# To do:
Retype the material that follows exactly, limited to the lines from the one with "cách xử lý hạt giống trước khi gieo" through the one with "冰雪灾害高发期警告亲爱的山地车们2021年的你准备好迎接挑战了吗", and keep out all pictures.

=== Extracted information ===

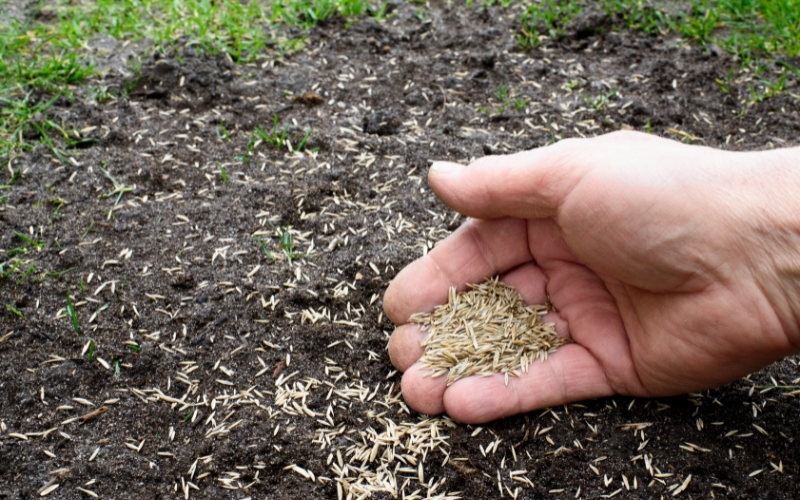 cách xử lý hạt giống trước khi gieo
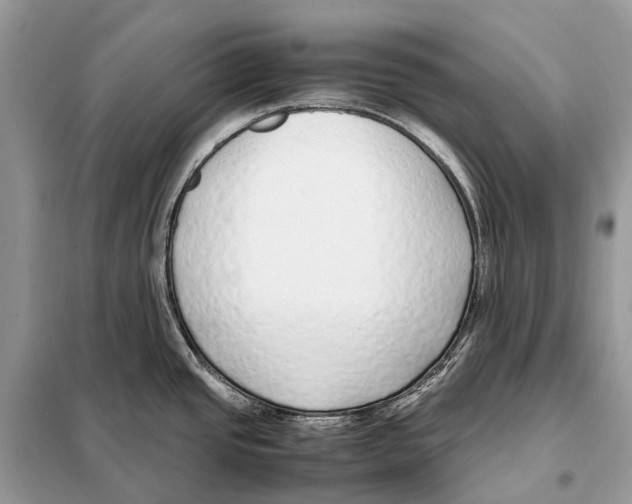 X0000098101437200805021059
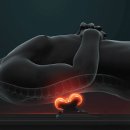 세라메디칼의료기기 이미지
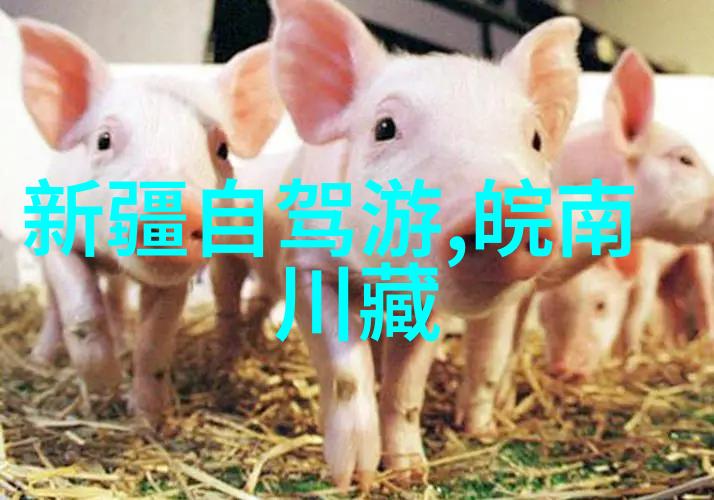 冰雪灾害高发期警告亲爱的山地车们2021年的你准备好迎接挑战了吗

===
=== Extracted information ===

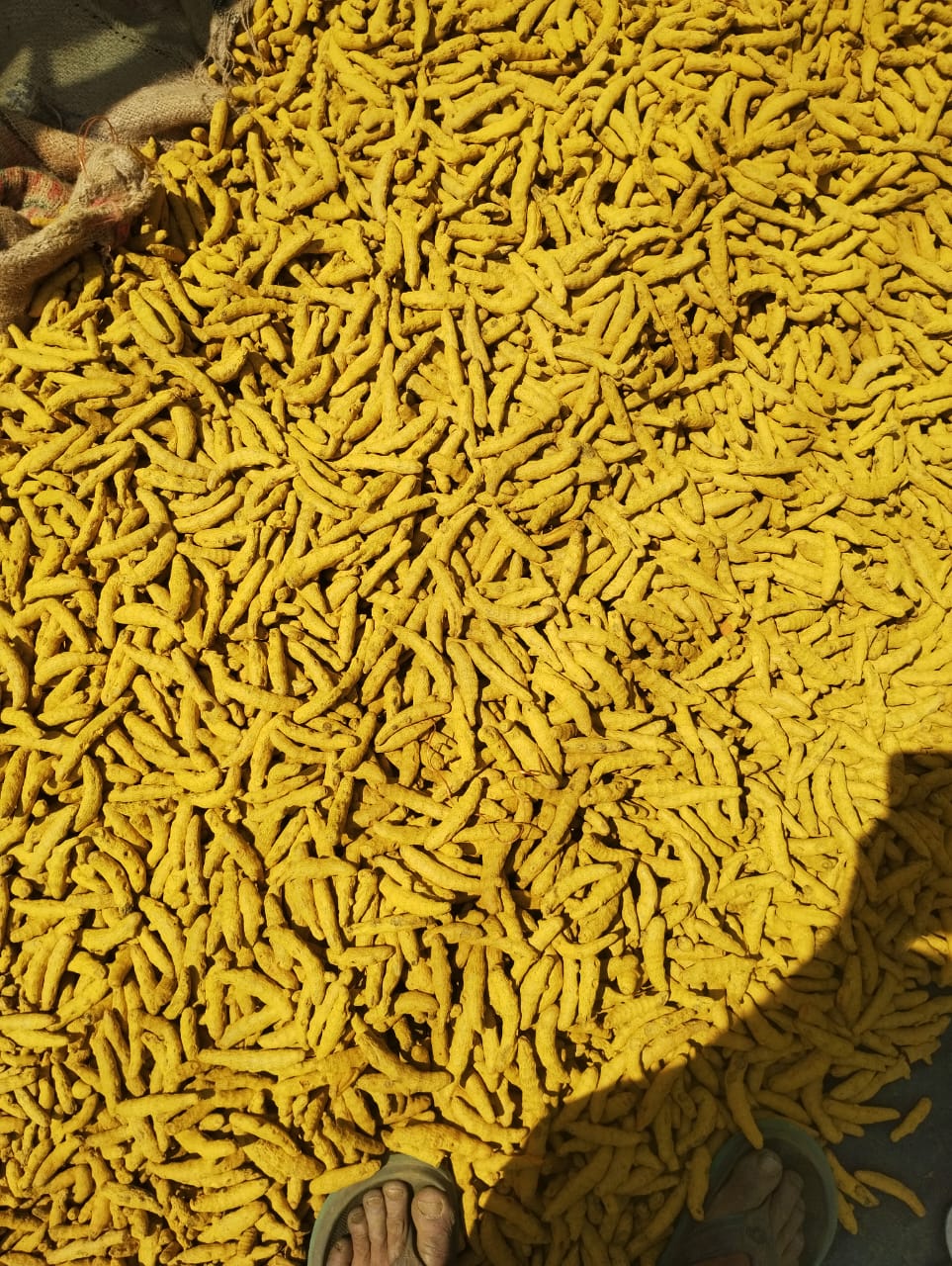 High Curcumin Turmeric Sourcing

===

# Response to this exercise:
 cách xử lý hạt giống trước khi gieo
 X0000098101437200805021059
 세라메디칼의료기기 이미지
 冰雪灾害高发期警告亲爱的山地车们2021年的你准备好迎接挑战了吗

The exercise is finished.